= Beginning of Section =

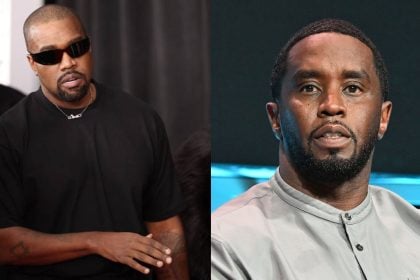 Foto destaque: Kanye West no tapete vermelho do Grammy e P.Diddy em entrevista (reprodução/Matt Winkelmeyer/Getty Images/Paras Griffin/Getty Imagens Embed)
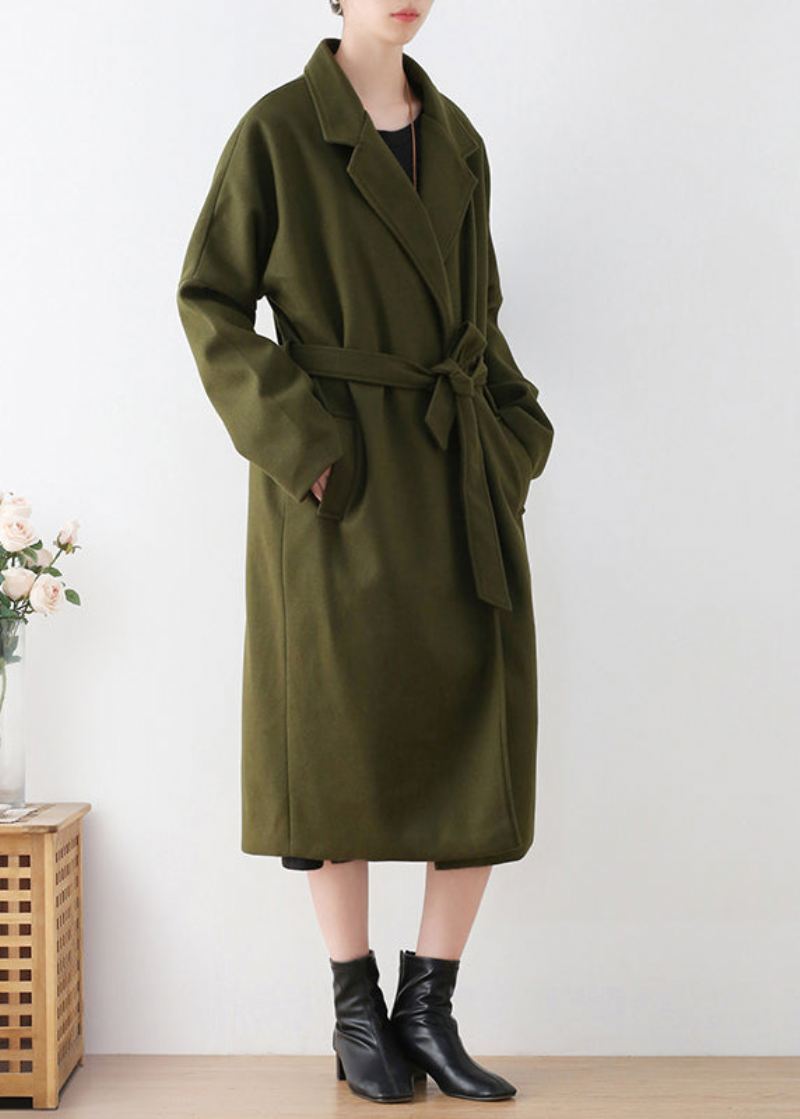 Vogue Army Green Notched Tie Midje Ull Trench Coats Vinter - Ullkåper for kvinner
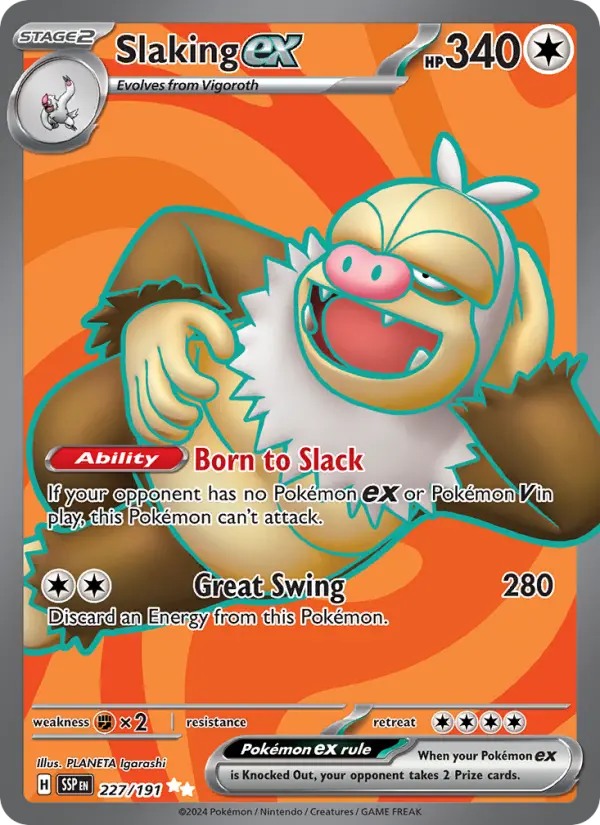 Slaking ex 227 Surging Sparks (SV8) Pokemon Card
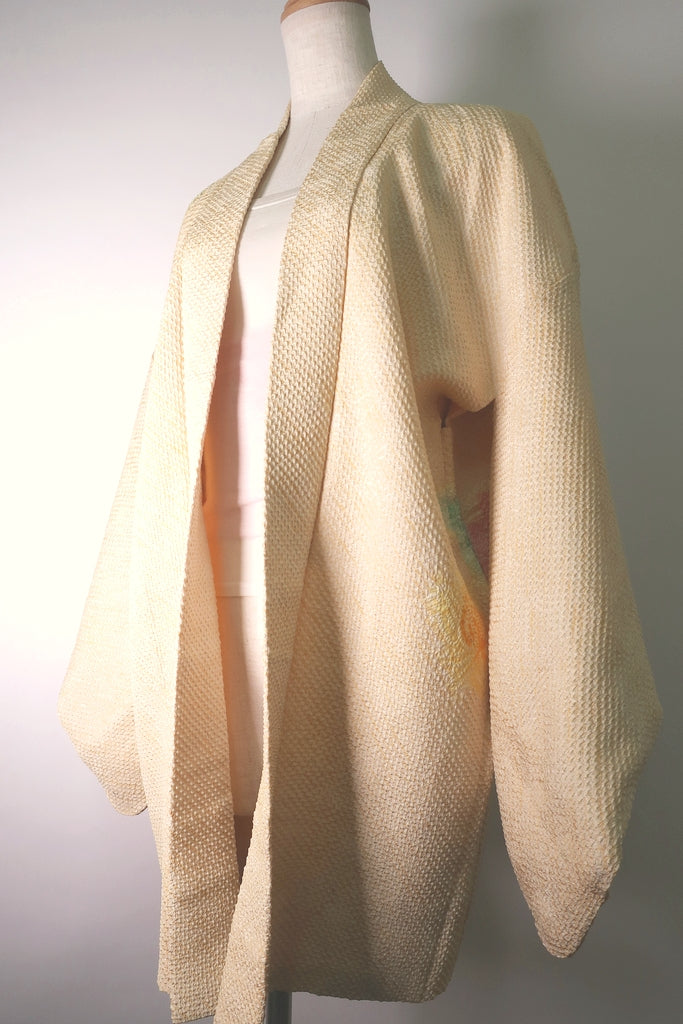 Haori Jacket Vintage(1950-1980) Pale Yellow Full Shibori Peony Silk #8832A5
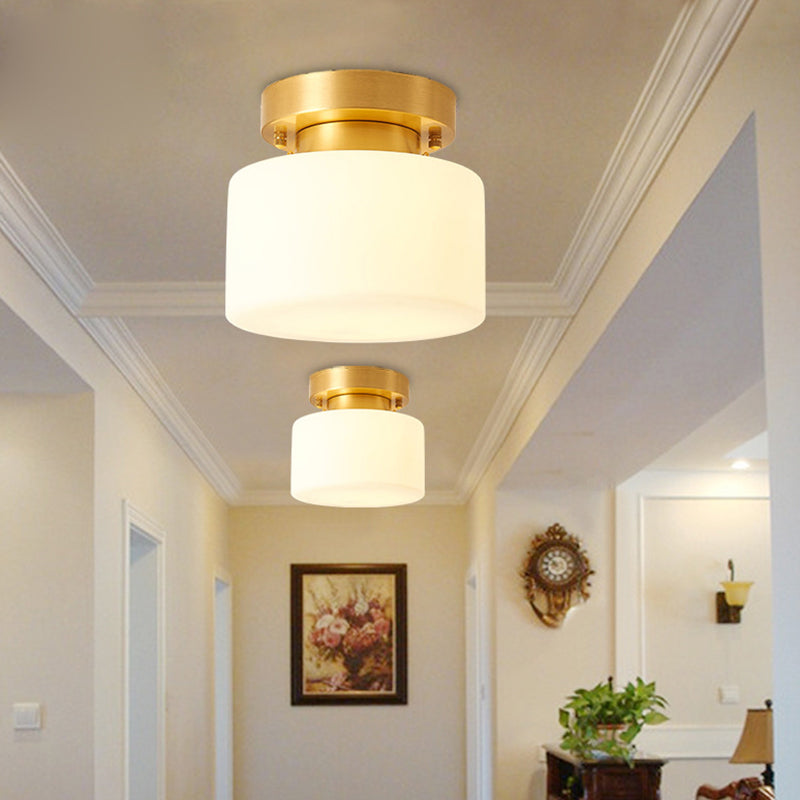 Cilinder gangpad semi-inbouw plafondlamp glas moderne semi-mount verlichting in wit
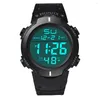 Armbanduhren Männer Schwarz Großer Bildschirm Sport Elektrische Uhr Mode Multifunktional Für Wasserdichte Kalender Reloj Hombre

= End of Section =

### What you need to do
Your job is to copy every entry exactly. Omit the pictures.

### Solution below
 Foto destaque: Kanye West no tapete vermelho do Grammy e P.Diddy em entrevista (reprodução/Matt Winkelmeyer/Getty Images/Paras Griffin/Getty Imagens Embed)
 Vogue Army Green Notched Tie Midje Ull Trench Coats Vinter - Ullkåper for kvinner
 Slaking ex 227 Surging Sparks (SV8) Pokemon Card
 Haori Jacket Vintage(1950-1980) Pale Yellow Full Shibori Peony Silk #8832A5
 Cilinder gangpad semi-inbouw plafondlamp glas moderne semi-mount verlichting in wit
 Armbanduhren Männer Schwarz Großer Bildschirm Sport Elektrische Uhr Mode Multifunktional Für Wasserdichte Kalender Reloj Hombre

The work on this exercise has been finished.